Olmert curbs West Bank construction

(Agencies)
Updated: 2007-12-31 18:43

JERUSALEM - Israeli Prime Minister Ehud Olmert has barred new construction work, building planning and occupancy tenders at West Bank settlements without his approval, a move meant to bolster US-backed peace talks, documents show.


Israel's Prime Minister Ehud Olmert attends the weekly cabinet meeting in Jerusalem December 30, 2007. Olmert has barred new construction work, building planning and occupancy tenders at West Bank settlements without his approval. [Agencies]

Olmert has been under US pressure to help jumpstart peace talks, soured by disputes over Jewish settlement construction, ahead of a visit by President George W. Bush early next month.

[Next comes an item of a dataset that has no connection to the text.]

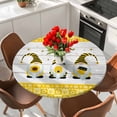 thumbnail image 2 of Bee Gnome Round Fitted Table Cover Daisy Flower Rustic Wood Waterproof Table Cloth with Elastic Edge Wipeable Tablecloth for Picnic Camping Party Fits 55"-60" Diameter, 2 of 8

In a December 30 letter to the ministers of defense, housing and agriculture, Olmert wrote that "construction, new building, expansion, preparation of plans, publication of residency tenders, confiscation of land stemming from other settlement activities in the (West Bank) area will not go forward and will not be implemented without requesting and receiving in advance approval by the defense minister and the prime minister."

The letter, a copy of which was obtained by Reuters, does not rule out the prime minister approving construction within West Bank settlements.

His spokesman, Mark Regev, said Olmert committed at talks last week with Palestinian President Mahmoud Abbas not to take "any actions that could prejudice a final status agreement."

The prime minister had been caught off guard by a series of Housing Ministry announcements on settlements that have opened a rift in month-old peace talks with the Palestinians.

The talks, launched at a US-sponsored peace conference in Annapolis, Maryland, bogged down since Israel announced plans to build hundreds of new homes in an area near Jerusalem known to Israelis as Har Homa and to Palestinians as Jabal Abu Ghneim.

Palestinians see the building of Har Homa as the last rampart in a wall of settlements encircling Arab East Jerusalem, cutting it off from the rest of the occupied West Bank. They say it is a strategic move by Israel to pre-empt any possibility of East Jerusalem becoming the Palestinian capital.

Plans for new Israeli settlements this month have drawn rare criticism from the United States, as well as the European Union, saying it could undermine Israeli-Palestinian peace efforts.

Policy directive

Olmert's office said his order applies to all settlements in the West Bank, including Maale Adumim, which Israel hopes to keep as part of any final peace deal.